## What you are asked to do
None of the images should appear in your copy. Transcribe the data in full.
[Records for the task — start]
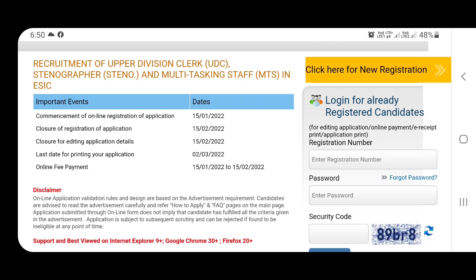You will create your registration number. You can enter your details. Apply with the information you need.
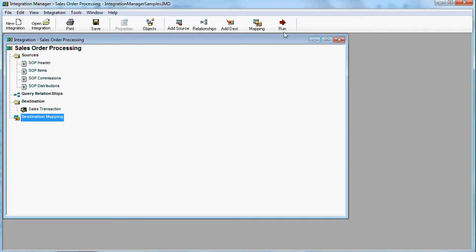With Integration Manager, you can either run integration on demand by opening the integration and clicking the Run button, or you can schedule it. Scheduling is outside the scope of our presentation.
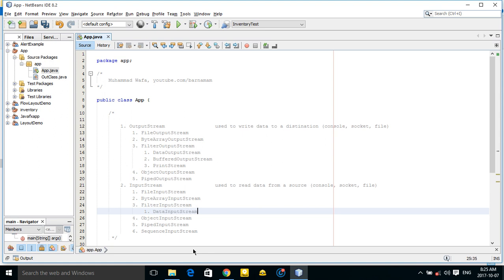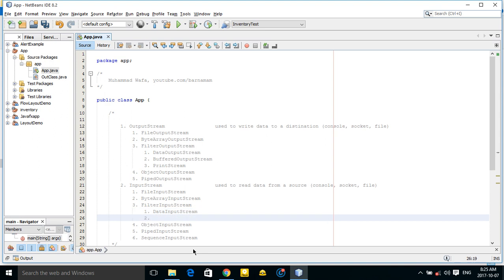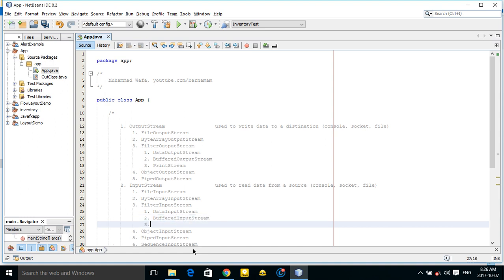FilterInputStream can be divided into: DataInputStream, BufferedInputStream, and PushbackInputStream. Note that unlike OutputStream, here we don't have a PrintStream — we just have PushbackInputStream.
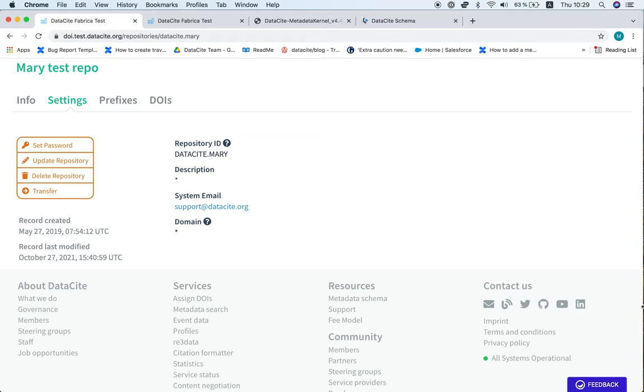In this short tutorial you will learn how to validate your XML metadata using Fabrica. Validation means that the XML you are using to create a DOI meets the DataCite standard.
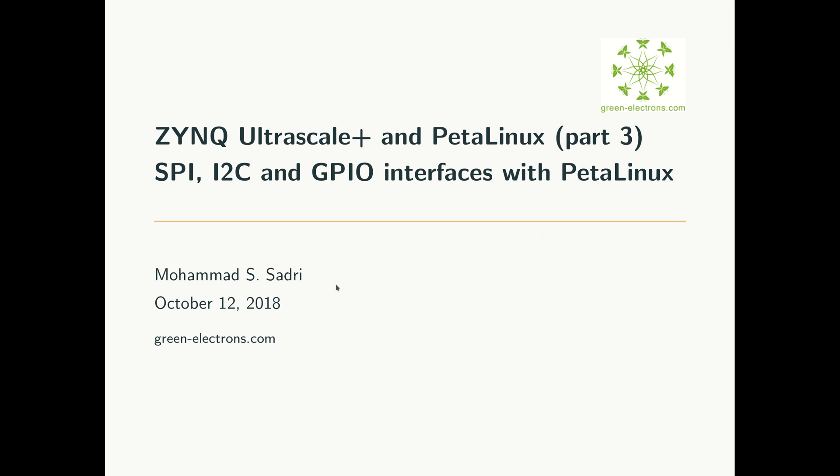Hi guys, this is video part 3 for the series I'm creating on Zynq UltraScale+ and PetaLinux. In this video and the next two or three videos, I'm showing you how you can, on a Zynq UltraScale device, compile and build PetaLinux.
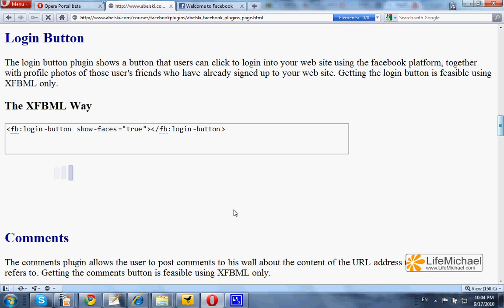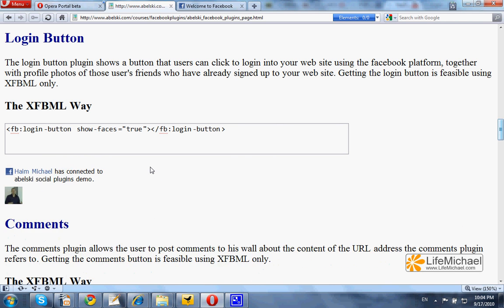Voila! Now I'm logged in to the Facebook platform, and the session with the Facebook platform is the one that makes the login button disappear and showing this instead — I'm logged in.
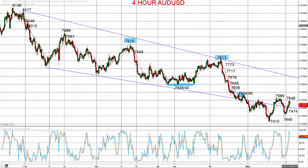Hi there, this is Steve Miley the market chartist on behalf of Forextraders.com. We're now looking at both the Australian and New Zealand dollars, both maintaining bearish themes that we've seen from late April, and both looking for those to extend potentially into the second half of May.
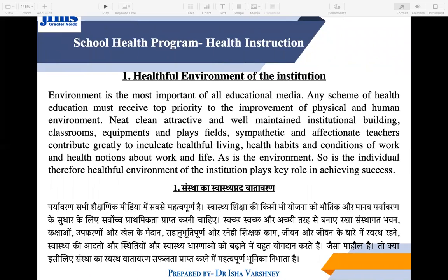The most important method is the healthful environment of the institution. Our school's work is to create a healthy environment with proper cleanliness, greenery, and plants. There should be a playground, and the school should be away from the sounds of cars and factories. There should be proper equipment in class, good infrastructure, and proper ventilation.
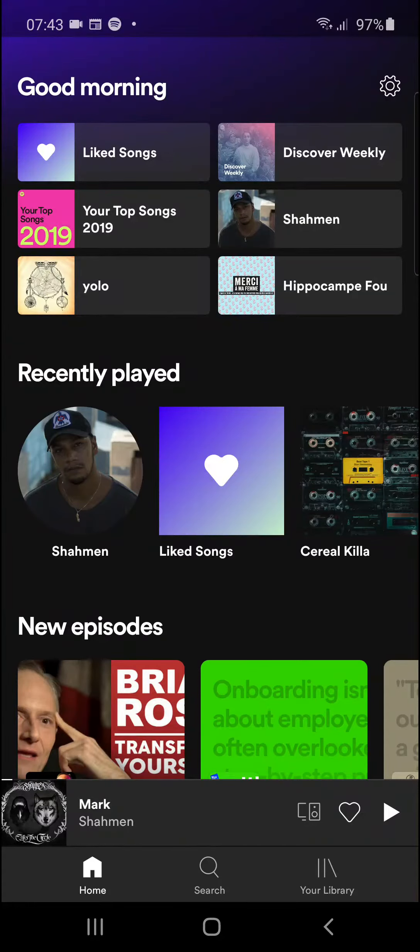Hey there guys, my name is Markus and in this video I'll show a simple way how you can add an album to a playlist on Spotify.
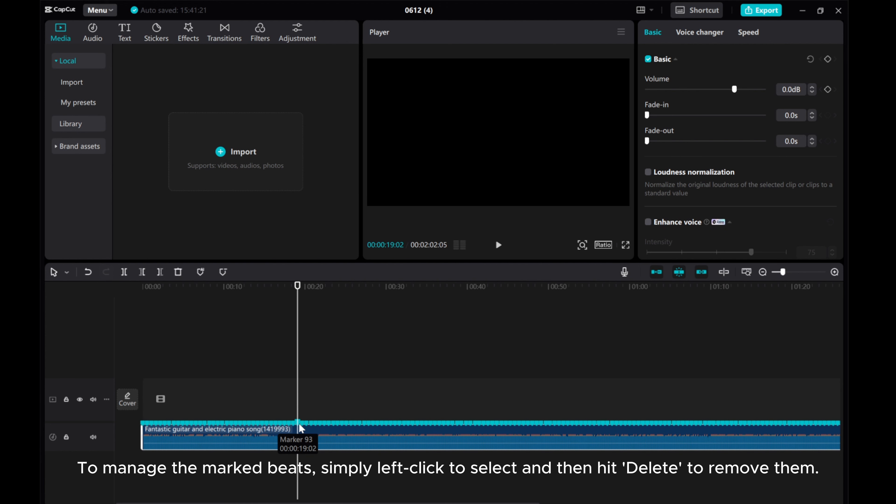To manage the mark beats, simply left-click to select, and then hit delete to remove them.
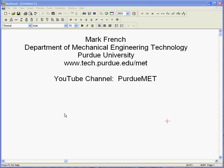Hello again. As I promised before, here's a quick video on how to do 3D plots in MathCAD. I'm Mark French, and I'm at the Mechanical Engineering Technology Department at Purdue University. Here's our department website, and just in case you didn't know, the YouTube channel is PurdueMET.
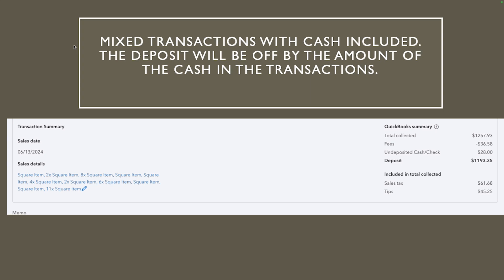So how do you know that this transaction is off by the cash transaction? If you go into a transaction you see the number, click on the amount that is deposit. So in this case deposit 1193.35 is actually gonna show you that the total collected is 1257.93, the fees of 36.58, but then guys here is the amount that is going to be off by. See where it says on deposit cash check, this should never be on this deposit.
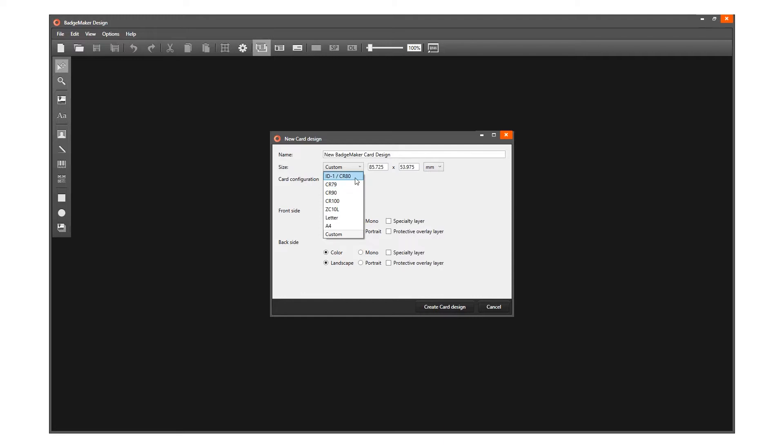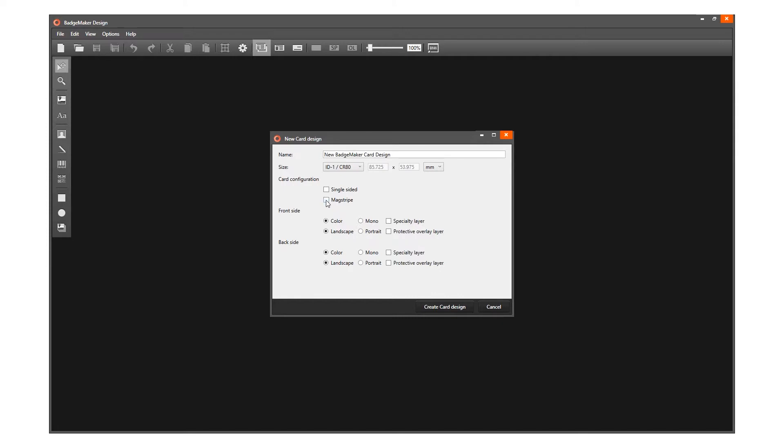A new card design is double-sided by default. Check this box to create a single-sided card design. Check this box to add a mag stripe to your design. For this video we will set up a double-sided card with mag stripe.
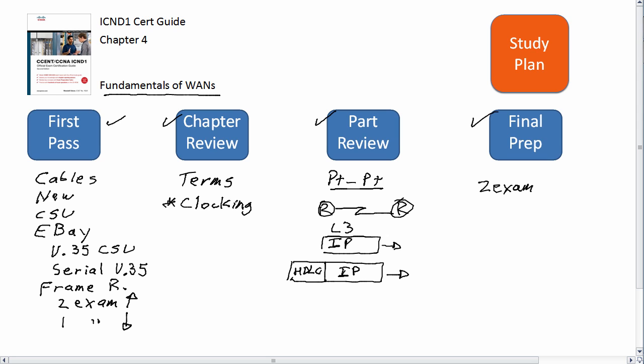make sure you understand the Frame Relay short section in this chapter, make sure you understand clocking—you don't see a lot more about that later—and if you're still a little fuzzy on the cables, I'd say find a few pictures online for cables and take a look at those.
[Records for the task — finish]
## Task solution
You will create your registration number. You can enter your details. Apply with the information you need.
With Integration Manager, you can either run integration on demand by opening the integration and clicking the Run button, or you can schedule it. Scheduling is outside the scope of our presentation.
FilterInputStream can be divided into: DataInputStream, BufferedInputStream, and PushbackInputStream. Note that unlike OutputStream, here we don't have a PrintStream — we just have PushbackInputStream.
In this short tutorial you will learn how to validate your XML metadata using Fabrica. Validation means that the XML you are using to create a DOI meets the DataCite standard.
Hi guys, this is video part 3 for the series I'm creating on Zynq UltraScale+ and PetaLinux. In this video and the next two or three videos, I'm showing you how you can, on a Zynq UltraScale device, compile and build PetaLinux.
Voila! Now I'm logged in to the Facebook platform, and the session with the Facebook platform is the one that makes the login button disappear and showing this instead — I'm logged in.
Hi there, this is Steve Miley the market chartist on behalf of Forextraders.com. We're now looking at both the Australian and New Zealand dollars, both maintaining bearish themes that we've seen from late April, and both looking for those to extend potentially into the second half of May.
The most important method is the healthful environment of the institution. Our school's work is to create a healthy environment with proper cleanliness, greenery, and plants. There should be a playground, and the school should be away from the sounds of cars and factories. There should be proper equipment in class, good infrastructure, and proper ventilation.
Hey there guys, my name is Markus and in this video I'll show a simple way how you can add an album to a playlist on Spotify.
To manage the mark beats, simply left-click to select, and then hit delete to remove them.
Hello again. As I promised before, here's a quick video on how to do 3D plots in MathCAD. I'm Mark French, and I'm at the Mechanical Engineering Technology Department at Purdue University. Here's our department website, and just in case you didn't know, the YouTube channel is PurdueMET.
So how do you know that this transaction is off by the cash transaction? If you go into a transaction you see the number, click on the amount that is deposit. So in this case deposit 1193.35 is actually gonna show you that the total collected is 1257.93, the fees of 36.58, but then guys here is the amount that is going to be off by. See where it says on deposit cash check, this should never be on this deposit.
A new card design is double-sided by default. Check this box to create a single-sided card design. Check this box to add a mag stripe to your design. For this video we will set up a double-sided card with mag stripe.
make sure you understand the Frame Relay short section in this chapter, make sure you understand clocking—you don't see a lot more about that later—and if you're still a little fuzzy on the cables, I'd say find a few pictures online for cables and take a look at those.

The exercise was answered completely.